La chronique
El Camino : « le chemin », en espagnol. Pas d'influences latines ici, ni de lubie mariachi, mais plutôt un clin d'?il renforcé au chemin parcouru depuis la genèse du groupe, dans une cave de la ville d'Akron, Ohio. Amis de longue date, musiciens aussi exigeants que performants, Dan Auerbach (chanteur et guitariste) et Patrick Carney (batteur) versent toujours dans le rock'n'roll suintant. Brut de décoffrage ? Pas tout à fait cependant, puisqu'ils ont fait à nouveau appel à Brian Burton, alias Danger Mouse, l'un des meilleurs producteurs de ce début de siècle.

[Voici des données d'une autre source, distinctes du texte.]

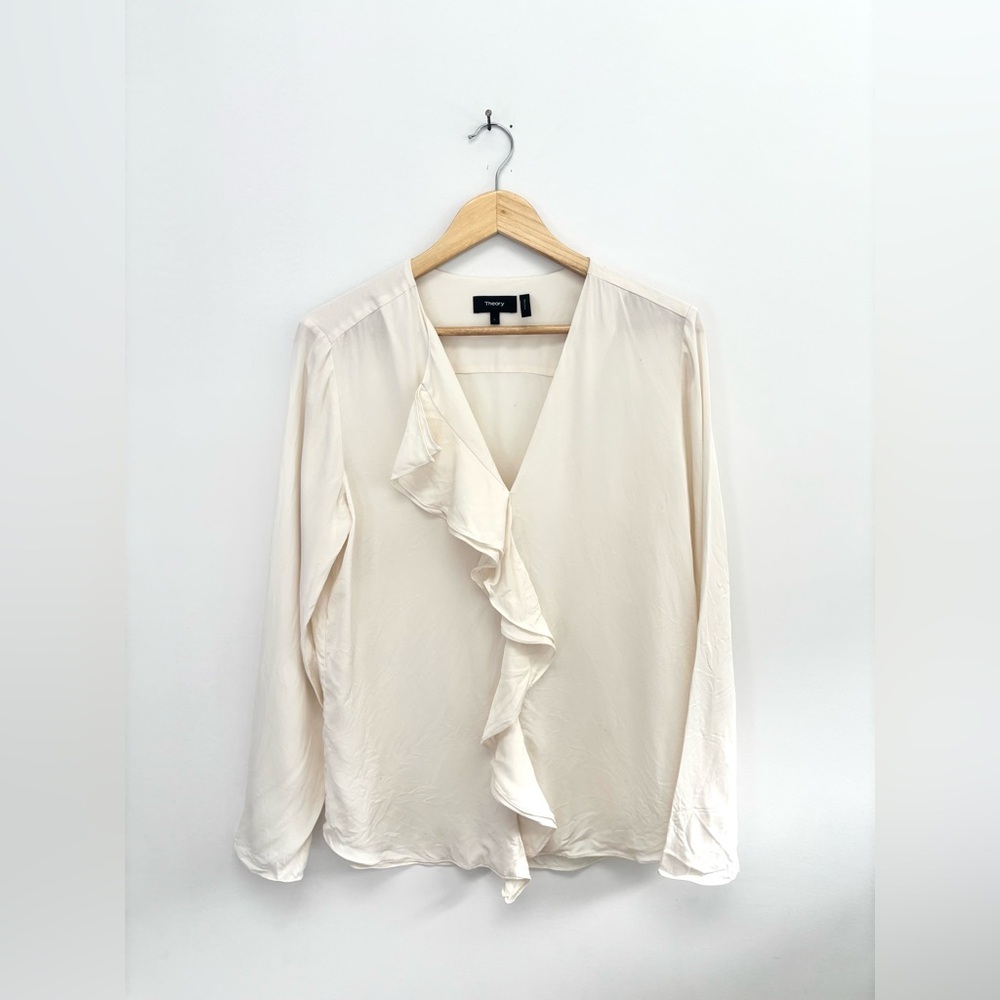 THEORY | jastrid ruffle silk blouse | size large - Picture 4 of 6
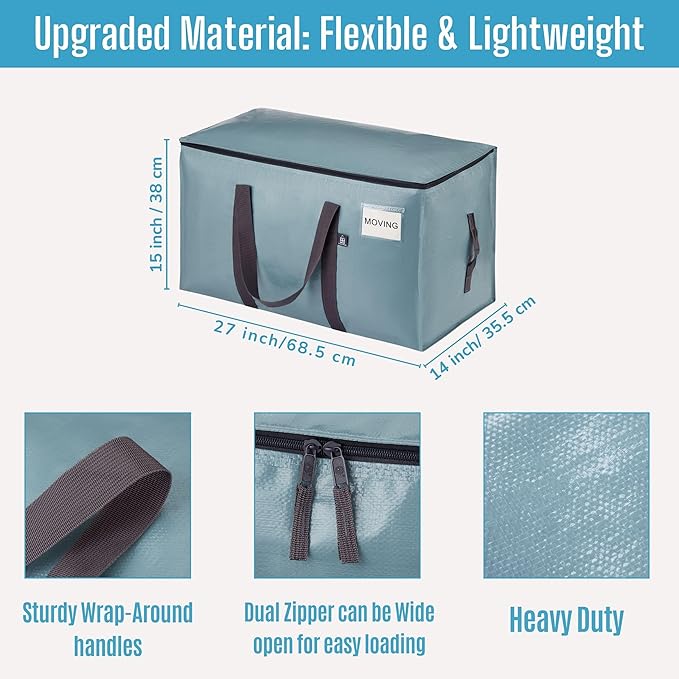 VENO 16 Pack Moving Bags, Upgraded Heavy Duty, Moving Boxes Alternative, Packing Storage Supplies for Dorm Room Essentials with Zipper for Clothes, Large Totes for Packaging (Light Blue, 16 Pack)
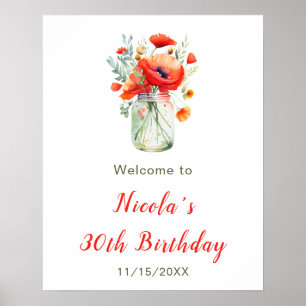 Affiche Red Poppies Mason Jar Bienvenue à l'anniversaire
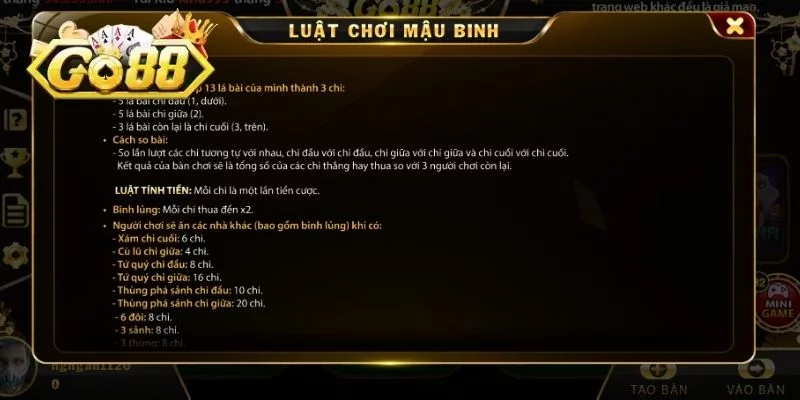 Hướng dẫn cách chơi Mậu Binh chi tiết tại GO88 Hướng dẫn cách chơi Mậu Binh chi tiết tại GO88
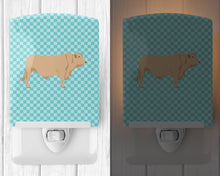 Load image into Gallery viewer, Charolais Cow Blue Check Ceramic Night Light BB8000CNL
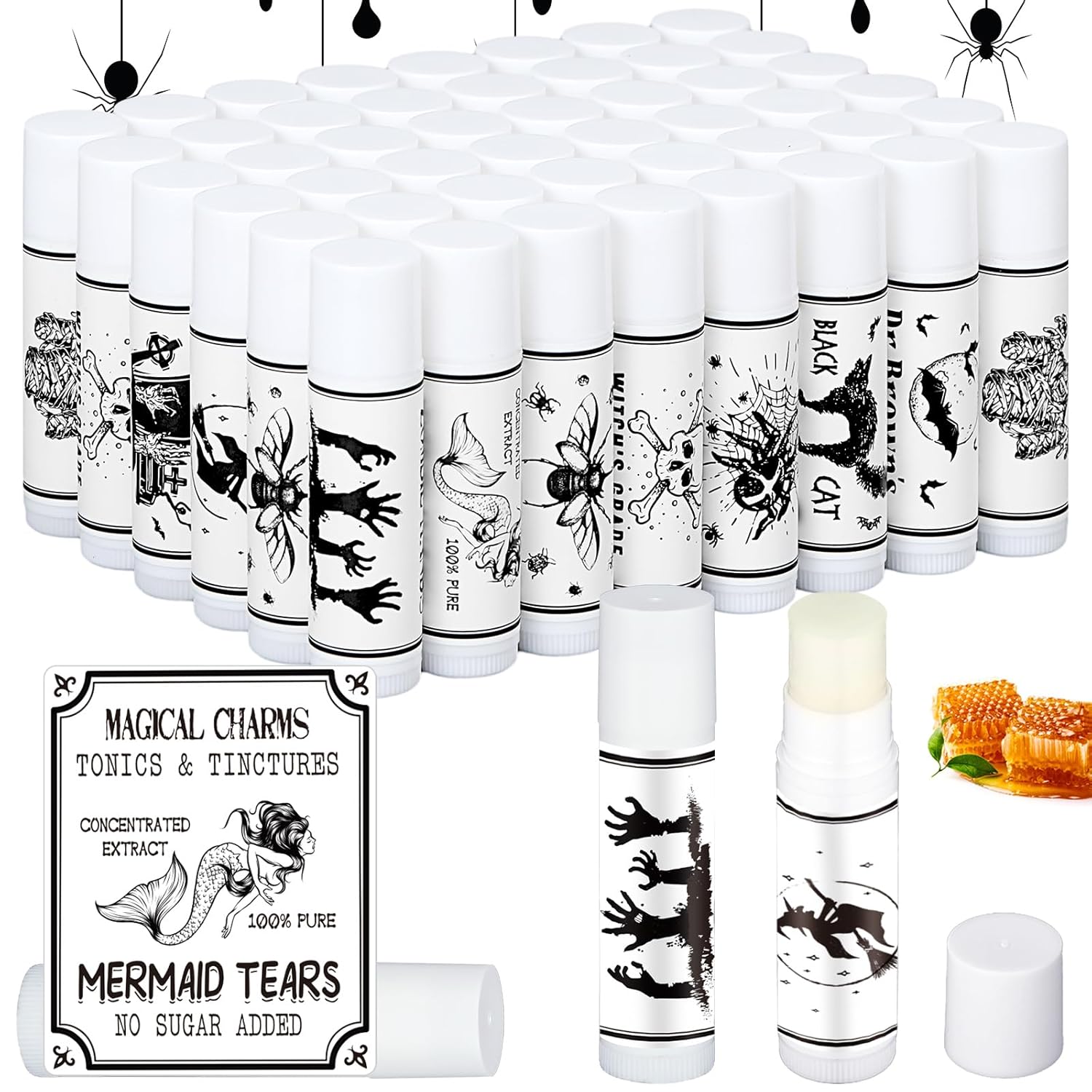 100 Pack Halloween Party Favors Spooky Skull Lip Balms Gifts
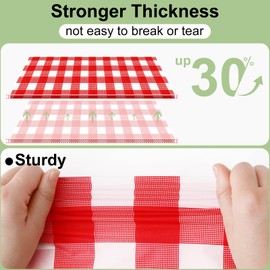 misaya 4 Packs 54 x 78 Inch Buffalo Disposable Table Cloth, Waterproof Plastic Tablecloth, Rectangle Red and White Checkered Table Covers for Picnic, Birthday, Party, Back to School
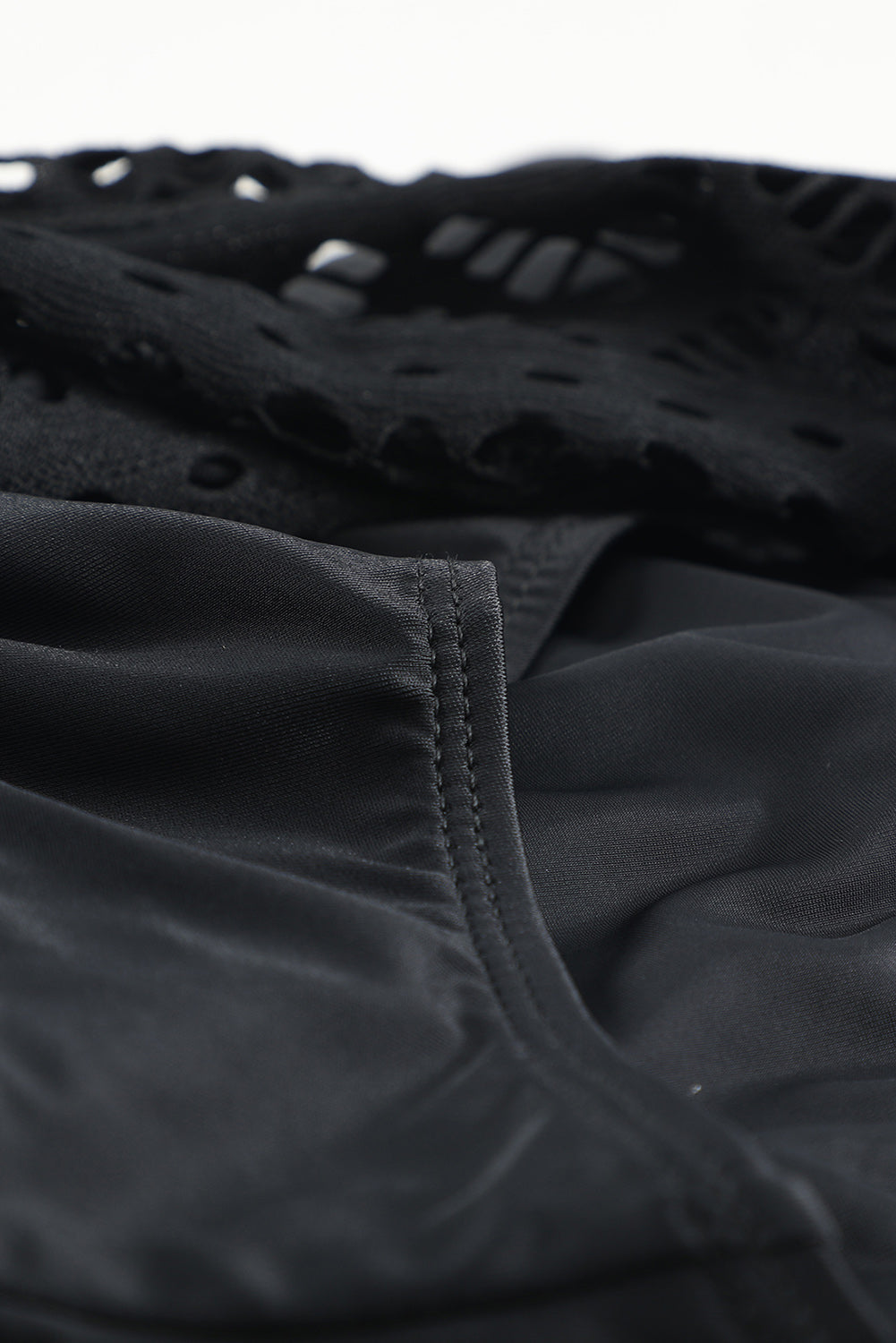 Black Lace Swim Shorts with Attached Briefs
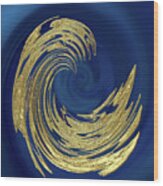 Golden Wave Abstract Wood Print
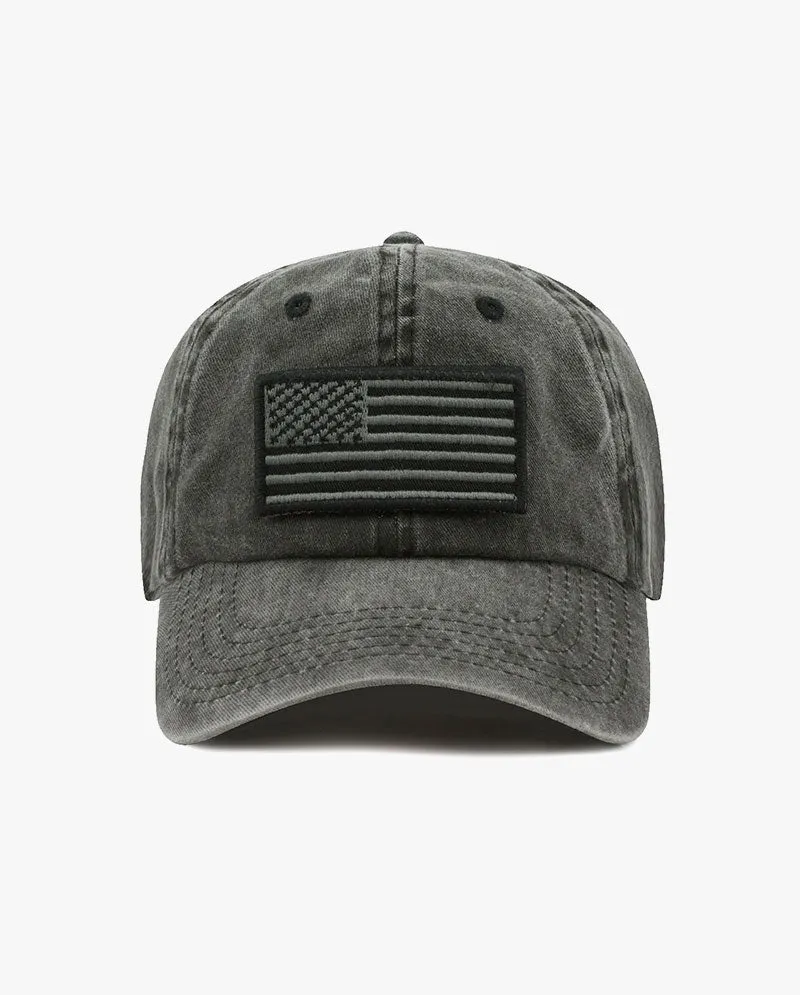 The Hat Depot - Pigment Low Profile USA flag Patch Baseball Cap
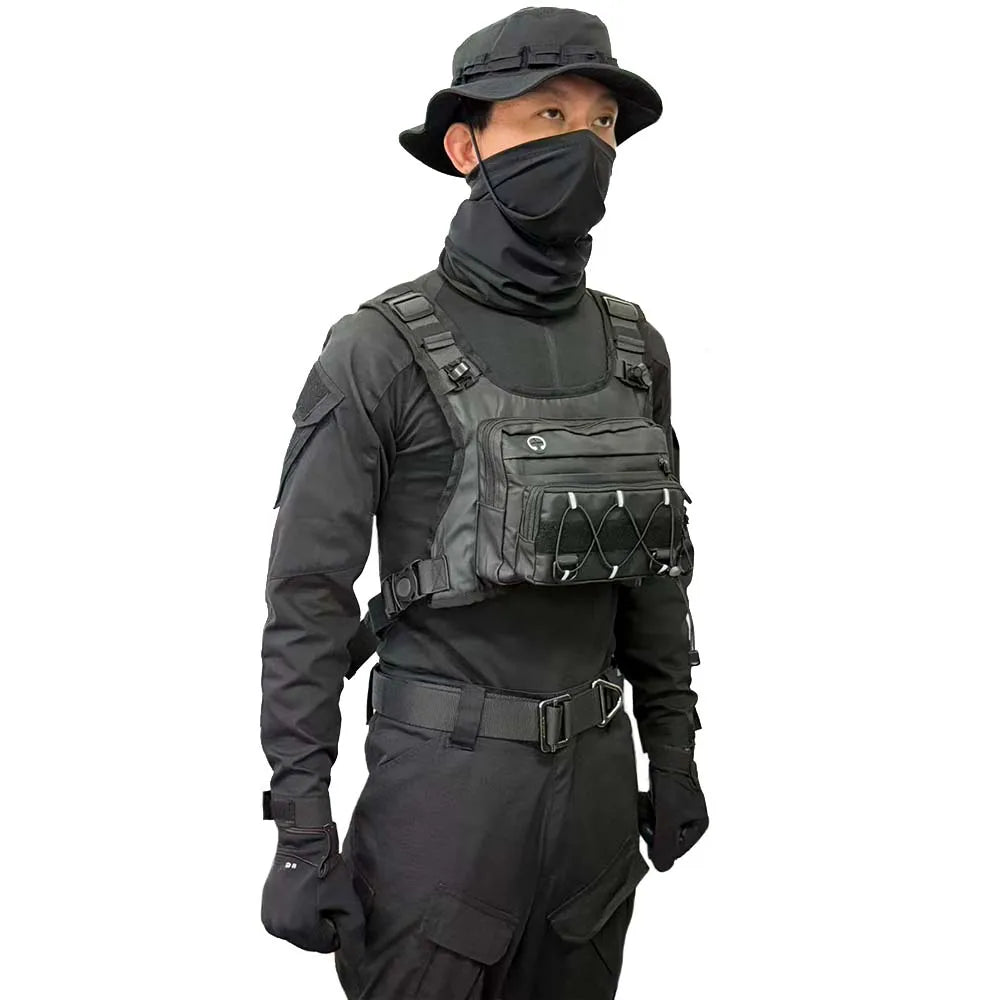 Outdoor tactical chest bag, multi-functional vest, multi-pocket sport cycling backpack, water bag, running vest Saco peito homem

Débordant d'une énergie digne du lapin Duracel, ce septième album (tout de même, en dix ans de carrière !) en est même l'accomplissement, référentiel et raffiné. À peine nos oreilles se sont-elles habituées à l'ouverture pétillante de « Lonely Boy » et à son refrain contagieux (« Woooh oh oh, I got a love that keeps me waiting, oh oh oohh ohh », etc.) que les Black Keys nous font l'honneur du brûlot électrique « Dead and Gone ». Puis les bons titres se suivent avec une logique implacable. Il ne faut pas se fier à l'introduction gentiment acoustique de « Little Black Submarines », qui est aussitôt suivie de riffs ravageurs. Le sex-appeal d'une soul « Sister » servie au synthétiseur ne s'encombre pas de saturation mais maintient parfaitement la cadence. Batterie martiale, céleste ludique et guitare bouillonnante : « Stop Stop » est un tube en puissance. Pour terminer, « Mind Eraser » ralentit le rythme à sa guise, nous offrant un dernier solo de guitare bluesy bien senti...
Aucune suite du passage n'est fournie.